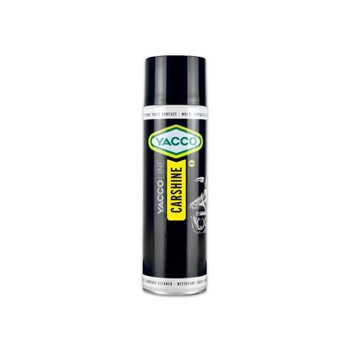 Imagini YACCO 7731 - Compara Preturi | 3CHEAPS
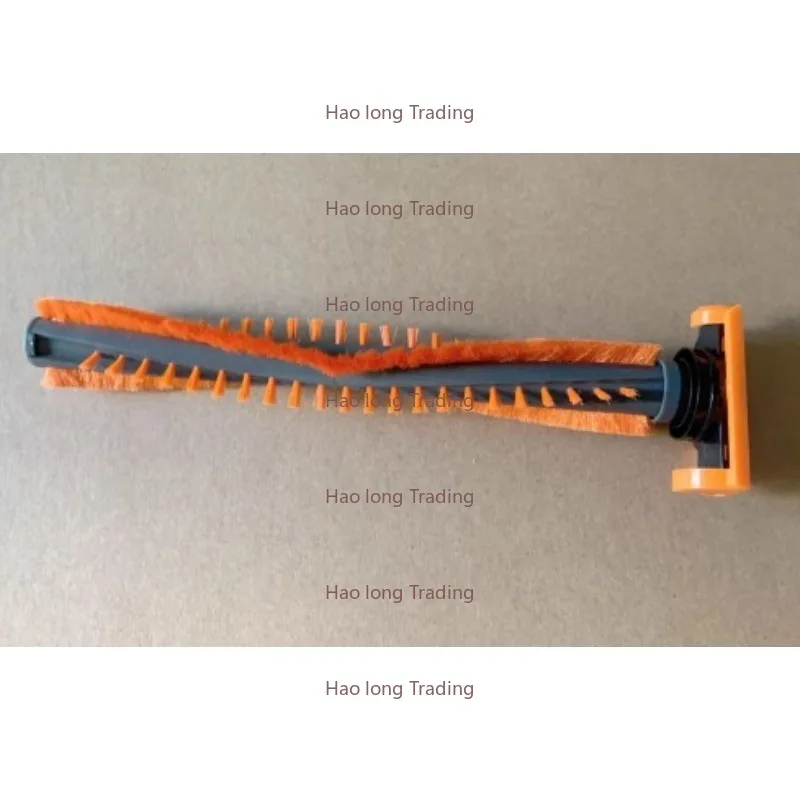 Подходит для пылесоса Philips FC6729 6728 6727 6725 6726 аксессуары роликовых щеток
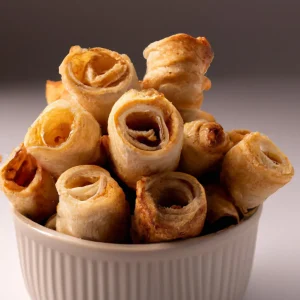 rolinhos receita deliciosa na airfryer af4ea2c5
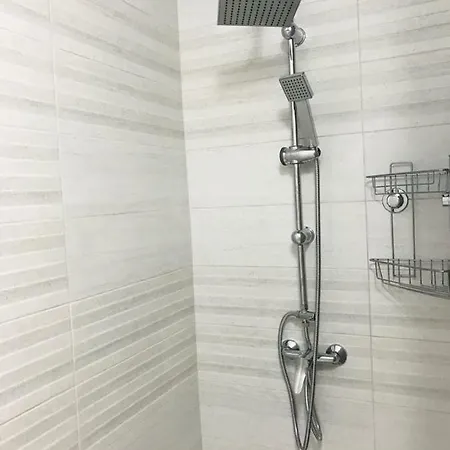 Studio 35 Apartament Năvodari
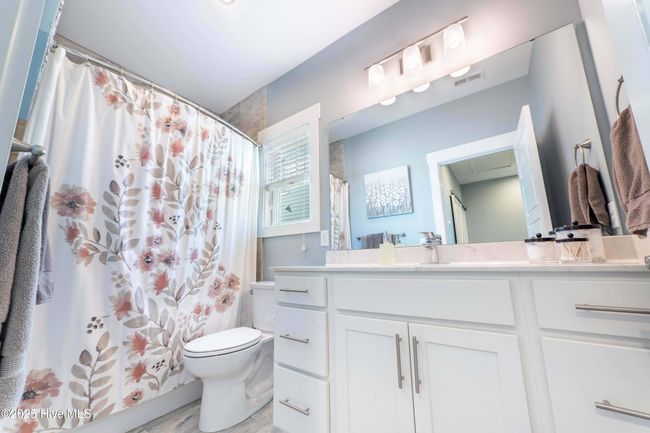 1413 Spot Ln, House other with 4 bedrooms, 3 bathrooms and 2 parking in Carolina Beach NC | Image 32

_ _ _ _ _

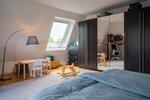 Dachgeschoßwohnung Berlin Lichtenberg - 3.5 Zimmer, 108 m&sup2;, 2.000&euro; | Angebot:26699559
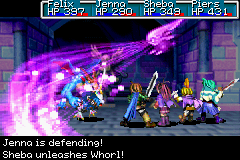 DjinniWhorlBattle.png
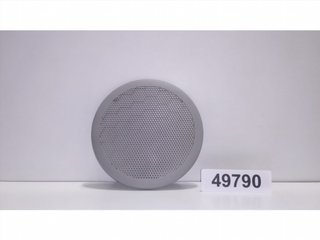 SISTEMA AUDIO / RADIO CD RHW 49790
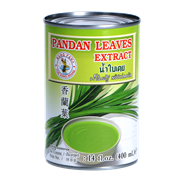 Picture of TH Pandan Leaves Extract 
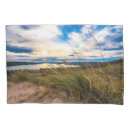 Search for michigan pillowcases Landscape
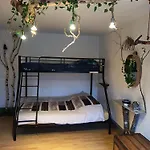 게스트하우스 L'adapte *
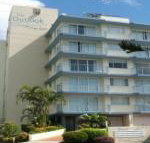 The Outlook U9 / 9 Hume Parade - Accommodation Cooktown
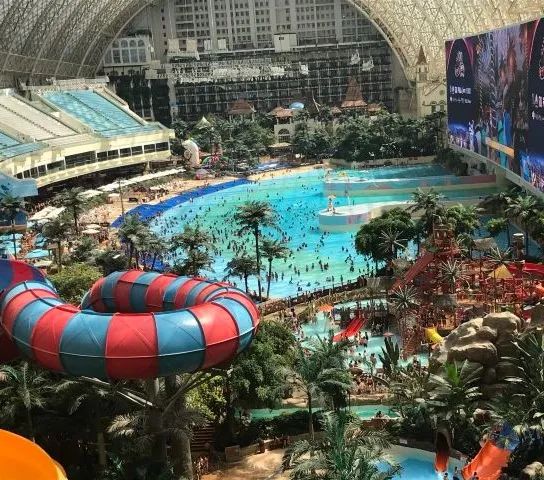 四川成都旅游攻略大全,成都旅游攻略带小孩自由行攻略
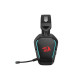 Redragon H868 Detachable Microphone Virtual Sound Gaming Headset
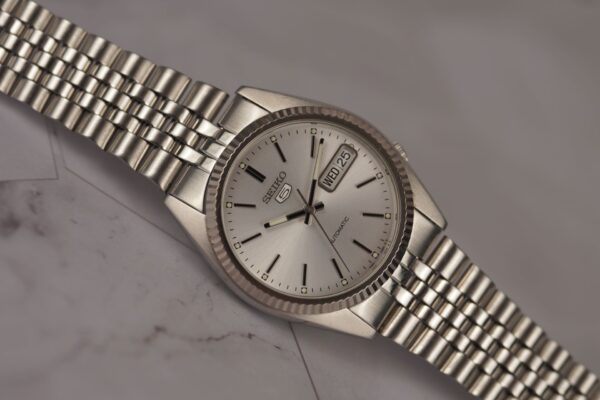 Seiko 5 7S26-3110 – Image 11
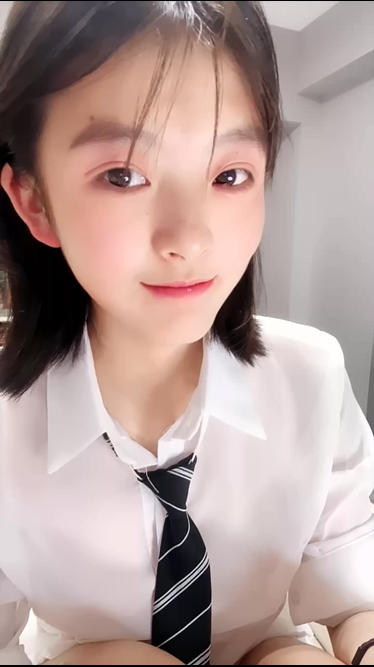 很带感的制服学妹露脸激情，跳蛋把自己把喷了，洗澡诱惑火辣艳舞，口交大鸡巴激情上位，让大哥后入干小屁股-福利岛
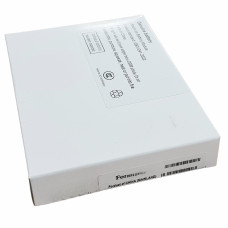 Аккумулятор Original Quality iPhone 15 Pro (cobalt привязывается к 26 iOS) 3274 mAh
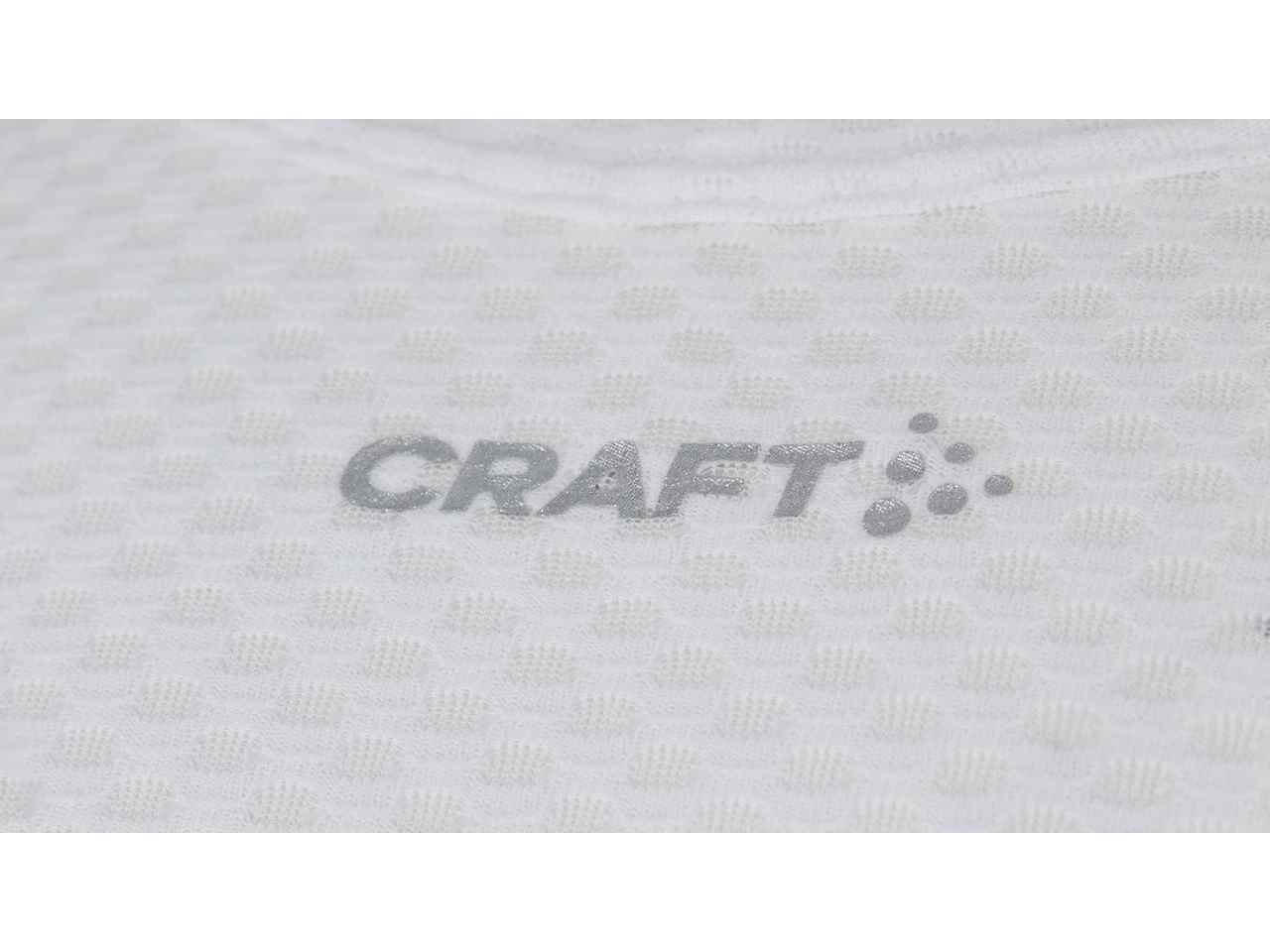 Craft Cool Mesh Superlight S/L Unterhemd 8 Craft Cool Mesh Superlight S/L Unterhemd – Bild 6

_ _ _ _ _

- EXERCISE AIM
Your answer must be everything above from the line with "SISTEMA AUDIO / RADIO CD RHW 49790" down to the line with "Craft Cool Mesh Superlight S/L Unterhemd 8", word for word, and no pictures.

- OUTPUT FOR THIS TASK
 SISTEMA AUDIO / RADIO CD RHW 49790
 Picture of TH Pandan Leaves Extract 
 Search for michigan pillowcases Landscape
 게스트하우스 L'adapte *
 The Outlook U9 / 9 Hume Parade - Accommodation Cooktown
 四川成都旅游攻略大全,成都旅游攻略带小孩自由行攻略
 Redragon H868 Detachable Microphone Virtual Sound Gaming Headset
 Seiko 5 7S26-3110 – Image 11
 很带感的制服学妹露脸激情，跳蛋把自己把喷了，洗澡诱惑火辣艳舞，口交大鸡巴激情上位，让大哥后入干小屁股-福利岛
 Аккумулятор Original Quality iPhone 15 Pro (cobalt привязывается к 26 iOS) 3274 mAh
 Craft Cool Mesh Superlight S/L Unterhemd 8 Craft Cool Mesh Superlight S/L Unterhemd – Bild 6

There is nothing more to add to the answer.